Akira leaned closer, leaving a boot in the chair behind her. She could almost leap and bite a chunk of Yong’s face off. Yong, ready for any sign of violent outburst, had her throwing-coins at the ready. She wasn’t worried. Her eyes, in fact, went thin, an obvious dare.

“I didn’t ask you to help me. I only just learned your name—which I also didn’t ask for.” Akira was teetering on reckless impatience. “So why should I bother staying here as /you/ request? You’re doing nothing now but pissing me off.”

Yong split her legs and rested her soles flat to the floor, enabling herself chance to lean in just as Akira had. Another abrupt jerk, and they very well could headbutt one another. “It’s for your safety, ‘Ojou-chan’.”

“Cut the crap.”

“I love you.”

“What?!”

“Just take it easy.” Yong wasn’t a good joker. Her overbearing frowns never helped her case. She eased back into her seat, and Akira did the same with a huff, both girls folding their arms.
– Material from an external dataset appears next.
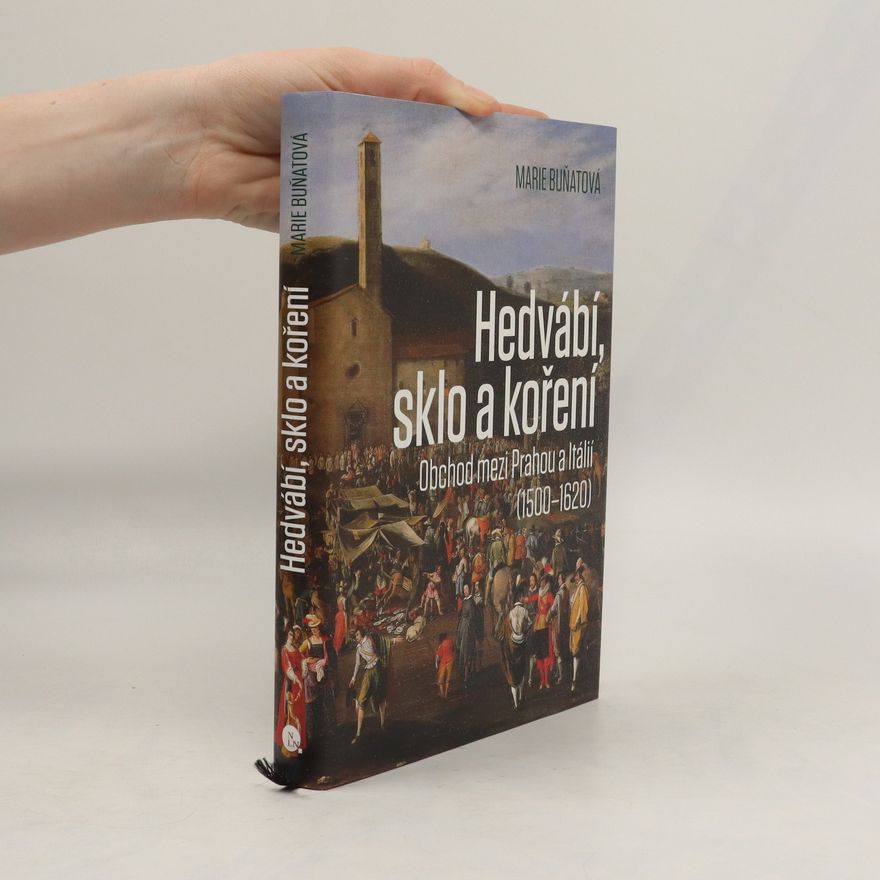 Marie Buňatová Hedvábí, sklo a koření - Obchod mezi Prahou a Itálií (1500-1620)
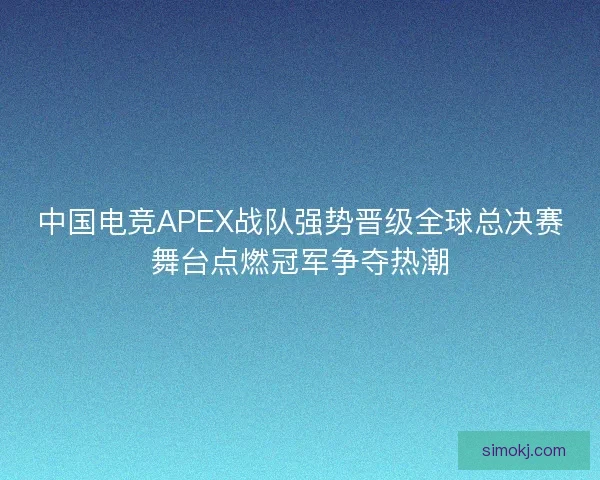 中国电竞APEX战队强势晋级全球总决赛舞台点燃冠军争夺热潮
A minute of silence came and went.

Akira couldn’t stop glaring.

Yong had since closed her eyes, thinking over the events that led to their hiding out.

“Where’s my bike?”

“You totaled it, remember?”

“Not what I asked.”

“Who’s to say: it’s probably been torn apart for scrap by now.”

“So you went and half-assed your rescue?”

“I only had my eyes on your firm ass.”

Akira slammed her hands on the table again, that time tipping it off of its legs for all of a second; it slammed hard. The shrill echo pounded through the scant, dusty ventilation.

“You’re /not/ funny!”

“On the contrary—I think I am,” Yong sighed, “for ever believing I could hide a biker princess and expect some sense of peace.”

Akira’s face softened, but her distaste could still so clearly be read.

It wouldn’t matter. Her outburst alerted skulking punks to their presence; those from the mainland were persistent. Yong knew it well. She had already been counting the amount of coins she had left on her person, and calculated the few escape routes she could drag Akira along. Their comfort was short-lived.